İhtiyati tedbire itiraz eden davacı taraf, mahkemece belirlenen teminat oranının çok olduğunu ileri sürerek, teminatsız tedbir kararı verilmesini istemiştir. İİK 72/3 maddesi gereğince takipten sonra açılan menfi tespit davalarında borçlu, gecikmeden doğan zararları karşılamak ve alacağın %15′ inden aşağı olmamak üzere göstereceği teminat karşılığında mahkemeden ihtiyati tedbir yoluyla icra veznesindeki kararın alacaklıya verilmemesini isteyebilir. Dosya kapsamı ve delil durumuna göre ve yargılama aşamasında delillerin toplanmasından sonraki duruma göre teminat oranın belirlendiği, davacı vekilinin teminatsız tedbir isteminin yerinde bulunmadığı, bu durumda istinaf kanun yoluna başvuranın dilekçesinde yer verdiği itirazların, açıklanan gerekçe ışığında yerinde olmamasına, kararda kamu düzenine ilişkin bir aykırılık bulunmamasına, kararının usul ve esas yönünden hukuka uygun olmasına göre, duruşma açılmasına gerek görülmeyerek Hukuk Muhakemeleri Kanunun 353/1-b-1 maddesi gereğince istinaf başvurusunun esastan reddine karar verilmesi gerekmiştir.

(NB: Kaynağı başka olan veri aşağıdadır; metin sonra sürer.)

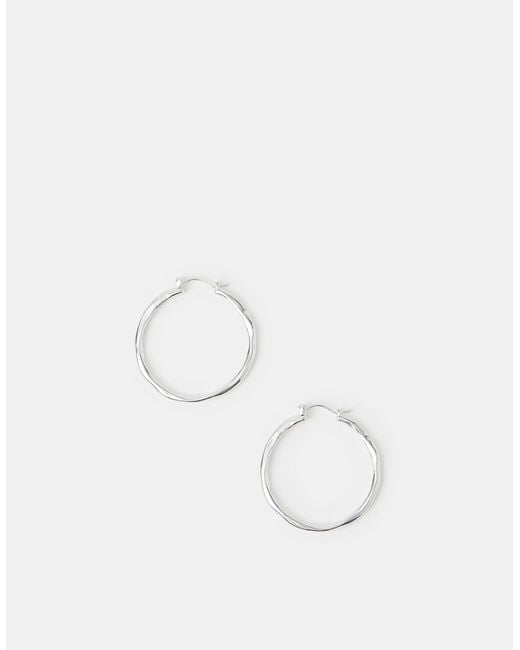 Accessorize Natural Sterling-Plated Large Molten Hoop Earrings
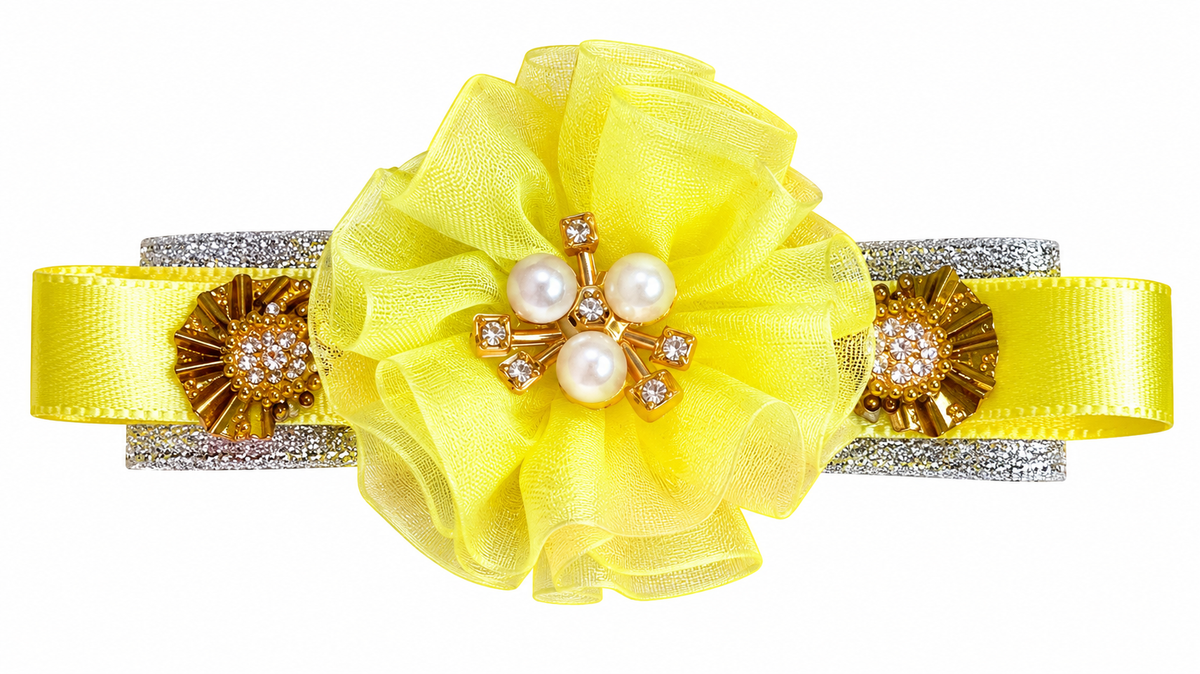 Girls’ Pink & Yellow Floral Bow Hair Clips with Crown Detail | Cute Party Wear Hair Accessories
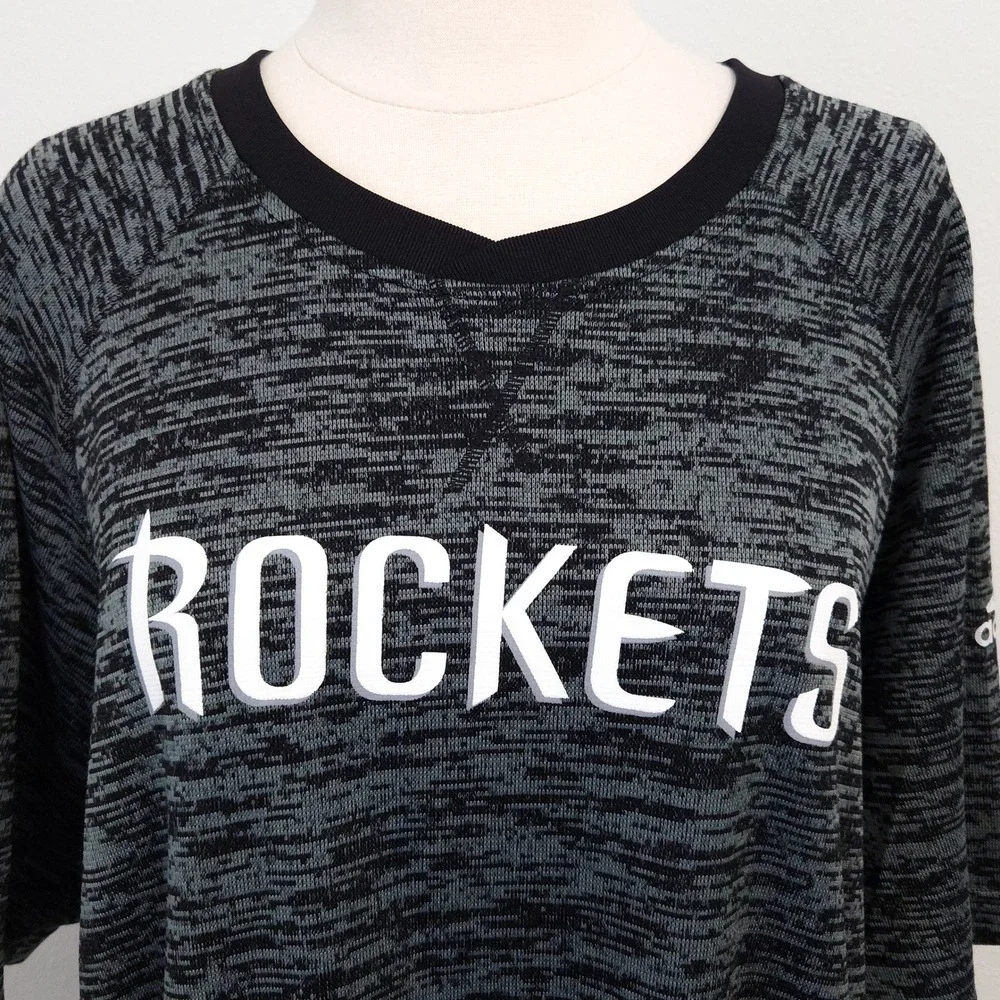 Adidas Houston Rockets Gray Black Space-Dye Striped Shirt / NBA Jersey- Mens XL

HÜKÜM :Yukarıda açıklanan nedenlerle;
1-Davacı vekilinin istinaf başvurusunun Hukuk Muhakemeleri Kanununun 353/1-b-1 maddesi uyarınca ESASTAN REDDİNE,
2-Davacı yönünden istinaf karar harcı olan 133,00 TL’den peşin alınan 80,70 TL’nin mahsubu ile bakiye 52,30 TL’nin davacıdan alınarak hazineye gelir kaydına,
3-İstinaf başvurusu nedeniyle davacı tarafından yapılan giderlerin kendi üzerinde bırakılmasına,
Dosya üzerinden yapılan inceleme neticesinde, 6100 sayılı Hukuk Muhakemeleri Kanunu’nun 362/1-f maddesi gereğince kesin olmak üzere 23.11.2022 tarihinde oy birliğiyle karar verildi.